The goal of every organization is to ensure required information (data, master data) to its employees and customers when they need it and in the required quality. Unfortunately, data is typically shattered in various places and in various data formats (e.g. relational database using different schemas, text files and spreadsheets created by different authors and having different structure) and, what is more, data is insufficiently linked (integrated). Such situation leads, e.g., to redundant data (data about one customer are in multiple databases) or to difficult and erroneous analyses of the current financial situation (as a result of manual pairing of realized sales and paid invoices).

The absence of integrated data leads to chaos and brings the company direct and indirect financial loss - e.g., the advertisement is send to one customer more than once or non-integrated data leads to biased market analysis. Furthermore, in case of the need of integrated view on top of the data coming from multiple sources, it is necessary to pay adhoc manual data integration costs.

Is there any acceptable solution for cheaper and more systematic data integration? Yes! You can publish your data and work with your data according to Linked Data principles. To do that, you have to obey the following steps:

  • Define unique HTTP identifiers (URI) for master data (e.g. a customer, product, an invoice)
  • Publish data and data models in RDF data model, which enables machine readability of data (applications can understand that data)
  • Link (Integrate) machine readable and uniquely identified data from the previous two steps with other data.

The result of applying Linked Data principles to Your data is a single data space (e.g. see the public Linking Open Data Cloud as an example); you can transparently query that data space and you can develop application working transparently on top of that space.
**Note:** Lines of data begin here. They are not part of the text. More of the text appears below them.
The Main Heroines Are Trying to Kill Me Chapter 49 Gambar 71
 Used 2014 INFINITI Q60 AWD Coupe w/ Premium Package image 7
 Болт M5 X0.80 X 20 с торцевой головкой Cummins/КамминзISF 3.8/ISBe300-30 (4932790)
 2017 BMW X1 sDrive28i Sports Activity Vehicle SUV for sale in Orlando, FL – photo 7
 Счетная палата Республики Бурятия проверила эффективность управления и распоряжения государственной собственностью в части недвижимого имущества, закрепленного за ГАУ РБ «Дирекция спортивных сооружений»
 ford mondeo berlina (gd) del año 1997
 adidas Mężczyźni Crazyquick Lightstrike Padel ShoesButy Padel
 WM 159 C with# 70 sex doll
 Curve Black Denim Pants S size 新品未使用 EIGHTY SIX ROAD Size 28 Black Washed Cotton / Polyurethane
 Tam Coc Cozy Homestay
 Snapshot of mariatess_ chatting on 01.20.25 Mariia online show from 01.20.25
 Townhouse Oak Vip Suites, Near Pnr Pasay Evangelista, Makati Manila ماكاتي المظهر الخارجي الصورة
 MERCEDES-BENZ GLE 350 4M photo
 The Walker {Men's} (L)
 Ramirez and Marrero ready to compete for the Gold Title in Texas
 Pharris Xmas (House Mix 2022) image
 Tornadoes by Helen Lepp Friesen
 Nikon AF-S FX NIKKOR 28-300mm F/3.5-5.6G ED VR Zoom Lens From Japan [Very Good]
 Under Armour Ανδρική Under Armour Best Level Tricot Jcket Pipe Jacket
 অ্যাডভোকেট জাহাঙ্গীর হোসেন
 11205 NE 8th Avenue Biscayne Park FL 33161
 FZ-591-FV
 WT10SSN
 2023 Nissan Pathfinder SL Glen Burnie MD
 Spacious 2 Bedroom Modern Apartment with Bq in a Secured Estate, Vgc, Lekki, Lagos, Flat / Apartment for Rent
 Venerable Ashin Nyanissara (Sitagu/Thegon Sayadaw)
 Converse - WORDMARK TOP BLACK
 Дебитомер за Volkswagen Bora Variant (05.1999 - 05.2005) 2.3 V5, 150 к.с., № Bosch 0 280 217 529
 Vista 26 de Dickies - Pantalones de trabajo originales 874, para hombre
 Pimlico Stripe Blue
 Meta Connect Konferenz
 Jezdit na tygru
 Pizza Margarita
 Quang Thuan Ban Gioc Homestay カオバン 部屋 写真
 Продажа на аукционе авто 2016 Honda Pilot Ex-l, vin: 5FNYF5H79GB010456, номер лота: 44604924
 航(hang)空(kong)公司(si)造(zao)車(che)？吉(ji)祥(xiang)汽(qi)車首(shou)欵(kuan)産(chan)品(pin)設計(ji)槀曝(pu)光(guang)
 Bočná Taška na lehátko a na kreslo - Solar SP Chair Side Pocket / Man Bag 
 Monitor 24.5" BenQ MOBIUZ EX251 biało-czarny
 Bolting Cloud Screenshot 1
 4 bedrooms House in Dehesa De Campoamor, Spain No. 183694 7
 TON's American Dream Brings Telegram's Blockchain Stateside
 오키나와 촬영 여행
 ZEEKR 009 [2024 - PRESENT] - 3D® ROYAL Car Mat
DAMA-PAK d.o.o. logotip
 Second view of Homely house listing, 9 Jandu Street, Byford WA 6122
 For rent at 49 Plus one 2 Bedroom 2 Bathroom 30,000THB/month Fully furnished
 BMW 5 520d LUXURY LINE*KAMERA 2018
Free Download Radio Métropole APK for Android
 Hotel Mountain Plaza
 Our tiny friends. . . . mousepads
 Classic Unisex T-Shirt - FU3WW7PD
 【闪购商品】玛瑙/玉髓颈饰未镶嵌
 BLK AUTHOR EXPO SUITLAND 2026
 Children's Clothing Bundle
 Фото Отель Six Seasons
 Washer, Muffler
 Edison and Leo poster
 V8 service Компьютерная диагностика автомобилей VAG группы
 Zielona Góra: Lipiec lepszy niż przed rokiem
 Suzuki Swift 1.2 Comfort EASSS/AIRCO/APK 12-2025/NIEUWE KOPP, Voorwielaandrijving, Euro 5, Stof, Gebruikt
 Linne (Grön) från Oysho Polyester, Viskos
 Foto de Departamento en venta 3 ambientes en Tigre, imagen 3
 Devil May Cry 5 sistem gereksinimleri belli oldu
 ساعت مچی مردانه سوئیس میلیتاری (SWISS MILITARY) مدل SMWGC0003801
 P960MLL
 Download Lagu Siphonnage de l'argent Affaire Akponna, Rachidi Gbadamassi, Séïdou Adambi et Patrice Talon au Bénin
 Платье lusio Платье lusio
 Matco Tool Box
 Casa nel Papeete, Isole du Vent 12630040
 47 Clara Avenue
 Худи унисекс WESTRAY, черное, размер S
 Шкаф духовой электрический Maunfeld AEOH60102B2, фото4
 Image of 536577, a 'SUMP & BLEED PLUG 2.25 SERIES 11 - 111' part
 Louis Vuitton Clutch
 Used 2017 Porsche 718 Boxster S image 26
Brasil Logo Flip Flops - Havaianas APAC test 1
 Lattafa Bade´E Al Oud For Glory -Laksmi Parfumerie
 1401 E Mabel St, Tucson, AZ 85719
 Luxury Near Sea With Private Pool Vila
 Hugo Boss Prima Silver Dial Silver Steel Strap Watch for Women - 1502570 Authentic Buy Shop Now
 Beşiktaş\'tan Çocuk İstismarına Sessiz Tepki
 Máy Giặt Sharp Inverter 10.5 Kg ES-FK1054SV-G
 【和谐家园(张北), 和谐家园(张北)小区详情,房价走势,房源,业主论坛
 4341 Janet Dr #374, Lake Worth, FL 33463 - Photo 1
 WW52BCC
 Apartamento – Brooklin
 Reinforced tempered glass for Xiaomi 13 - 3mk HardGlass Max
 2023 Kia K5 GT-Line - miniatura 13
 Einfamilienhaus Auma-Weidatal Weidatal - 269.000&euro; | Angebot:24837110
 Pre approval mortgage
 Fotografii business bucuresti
Machine readability of the published data further brings possibility of automatic cleaning and linking of the data and brings advanced querying possibilities, which transcend the possibilities of current searching according to keywords. Good news is that there is lots of Linked data tools out there, which will help you when storing, publishing, linking, or querying Linked Data. It is our goal to teach you working with these tools.

Why shouldn't you be afraid of Linked Data?

  • It is not necessary to throw away Your relational databases or other data sources in other to start publishing data according to Linked Data principles. We will help you to create Linked Data wrapper around the data sources which should become available according to Linked Data principles.
  • You can switch to Linked Data gradually, in a set of iterations. Always, the functionality of all your systems should be fully available.
  • Lots of Linked Data tools for storing, cleaning, linking, publishing, and querying the data.
  • Linked Data tools are used in a number of commercial projects, such as Guardian or BBC.

What is the difference between the use of Linked Data tools and data warehouse products?

  • Linked Data tools for data integration are typically for free.
  • You are not bounded to one single data warehouse provider.
  • Thanks to unique identifiers and open standard, it is possible to integrate freely available Linked Data sources in the public data space (governmental data, encyclopedic data, statistical data etc.) The amount of such linked open data is exponentially growing in the last few years.